I'm trying to first generate 4 files, for the LETTERS x NUMS combinations, then summarize over the NUMS to obtain one file per element in LETTERS:

LETTERS = ["A", "B"]
NUMS = ["1", "2"]


rule all:
    input:
        expand("combined_{letter}.txt", letter=LETTERS)

rule generate_text:
    output:
        "text_{letter}_{num}.txt"
    shell:
        """
        echo "test" > {output}
        """

rule combine text:
    input:
        expand("text_{letter}_{num}.txt", num=NUMS)
    output:
        "combined_{letter}.txt"
    shell:
        """
        cat {input} > {output}
        """

Executing this snakefile results in the following error:

WildcardError in line 19 of /tmp/Snakefile:
No values given for wildcard 'letter'.
  File "/tmp/Snakefile", line 19, in <module>

It seems that partial expand is not possible. Is it a limitation of expand ? If so, how should I circumvent it ?

回答1:

It seems that this is not a limitation of expand, but a limitation of my familiarity with the way string-formatting works in python.
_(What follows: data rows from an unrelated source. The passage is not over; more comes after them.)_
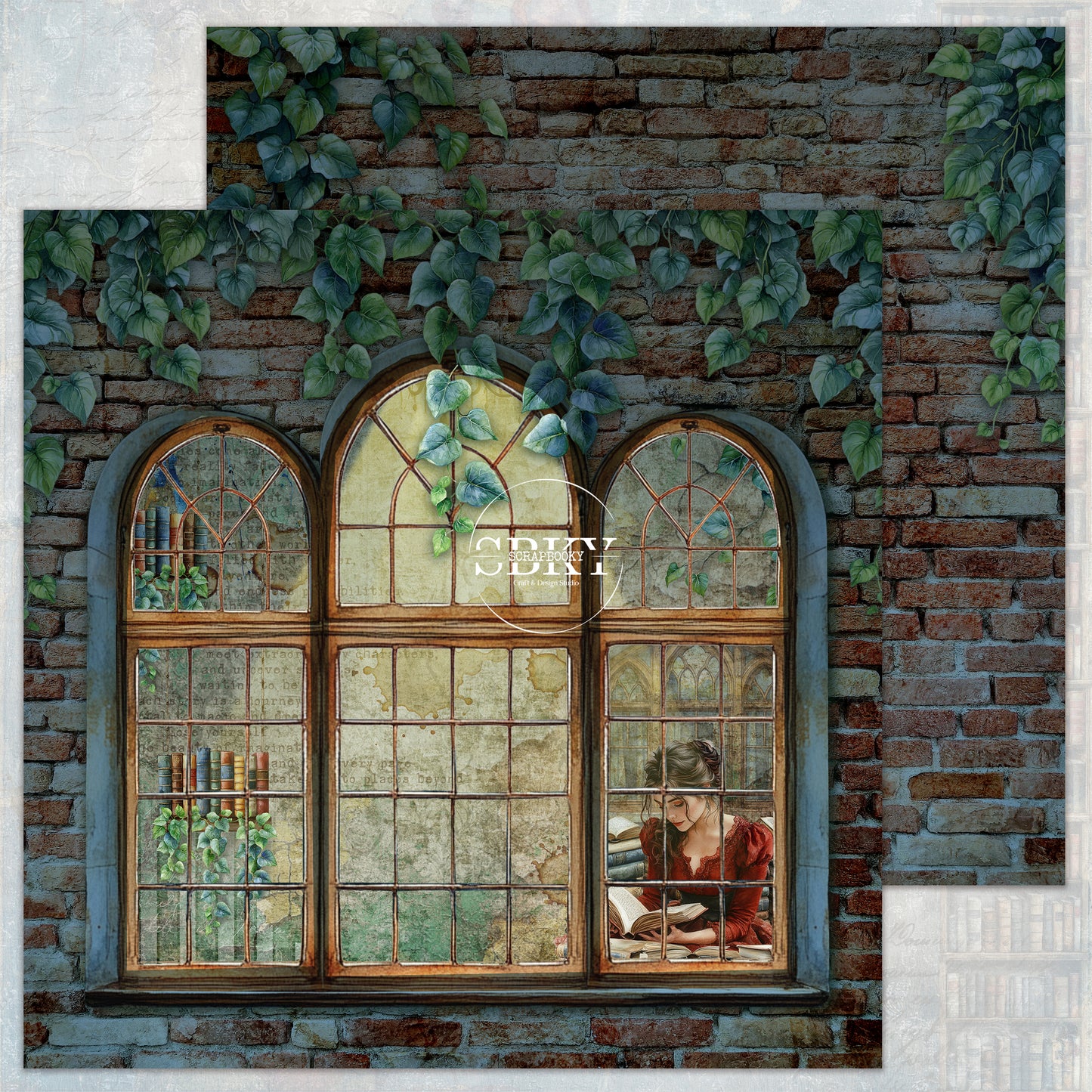 "Whispered Windows -Night time" Scrapbooking Pad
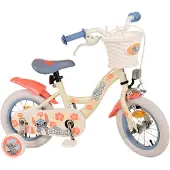 Disney Stitch Children's Bike - Fille - 12 pouces - Crème Bleu Corail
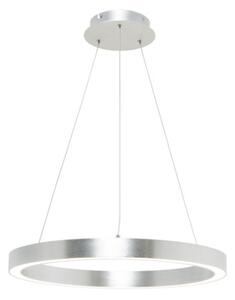Stříbrné závěsné LED svítidlo CARLO 40 cm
I need to use double brackets for the non-expanded wildcard:

LETTERS = ["A", "B"]
NUMS = ["1", "2"]


rule all:
    input:
        expand("combined_{letter}.txt", letter=LETTERS)

rule generate_text:
    output:
        "text_{letter}_{num}.txt"
    shell:
        """
        echo "test" > {output}
        """

rule combine text:
    input:
        expand("text_{{letter}}_{num}.txt", num=NUMS)
    output:
        "combined_{letter}.txt"
    shell:
        """
        cat {input} > {output}
        """

Executing this snakefile now generates the expected following files:

text_A_2.txt
text_A_1.txt
text_B_2.txt
text_B_1.txt
combined_A.txt
combined_B.txt


回答2:

Indeed, braces need to be escaped when you want to ignore them in expand. It relies on str.format, and hence any rules from format apply to expand as well.